Komisja do spraw wyborów korespondencyjnych. Ostre starcia polityków Prawa i Sprawiedliwości z przewodniczącym Jońskim. Poseł Krystian: "To hucpa, to absolutny skandal, co robicie"
W piątek o godz. 9 zebrała się komisja śledcza do spraw wyborów kopertowych. Niektórzy członkowie komisji już teraz zgłosili stałych doradców. Przewodniczący Dariusz Joński przedstawił również plan działania komisji. Podczas prac komisji wybuchła gorąca dyskusja z udziałem posłów Prawa i Sprawiedliwości.
- Tuż przed świętami Bożego Narodzenia zebrała się komisja do spraw wyborów kopertowych z 2020 r.
- Przewodniczący Dariusz Joński przedstawił plan działania komisji w najbliższym czasie.
- Podczas prac komisji wybuchła gorąca dyskusja z udziałem posłów Prawa i Sprawiedliwości.
- Zobacz także: Marszałek Sejmu Szymon Hołownia podjął ostateczną decyzję. Wypełnił wcześniejszą zapowiedź w sprawie posła Kamińskiego i Wąsika. Zobacz kto ich zastąpi w Sejmie
W piątek, na kilka dni przed świętami Bożego Narodzenia o godz. 9 zebrała się komisja śledcza do zbadania legalności, prawidłowości oraz celowości działań podjętych w celu przygotowania i przeprowadzenia wyborów Prezydenta Rzeczypospolitej Polskiej w 2020 r. w formie głosowania korespondencyjnego. Na początek członkowie komisji śledczej zgłosili kandydatury stałych doradców komisji.

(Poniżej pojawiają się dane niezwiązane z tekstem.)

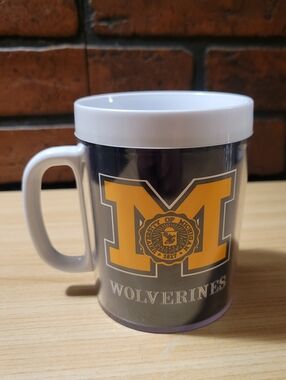Vintage Thermo-Serv University of Michigan Wolverines Plastic Mug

Jacek Karnowski zgłosił kandydaturę adwokat Elżbiety Buczek. Bartosz Romowicz zgłosił kandydaturę adwokata Piotra Fulcika. Agnieszka Maria Kłopotek zgłosiła adwokata Aleksandra Woźnickiego. Magdalena Filiks zgłosiła kandydaturę adwokata Łukasza Smolaka. Anita Kucharska-Dziedzic zgłosiła adwokata Michała Jabłońskiego. Dariusz Joński zgłosił kandydaturę Agaty Plichty-Trzonkowskiej.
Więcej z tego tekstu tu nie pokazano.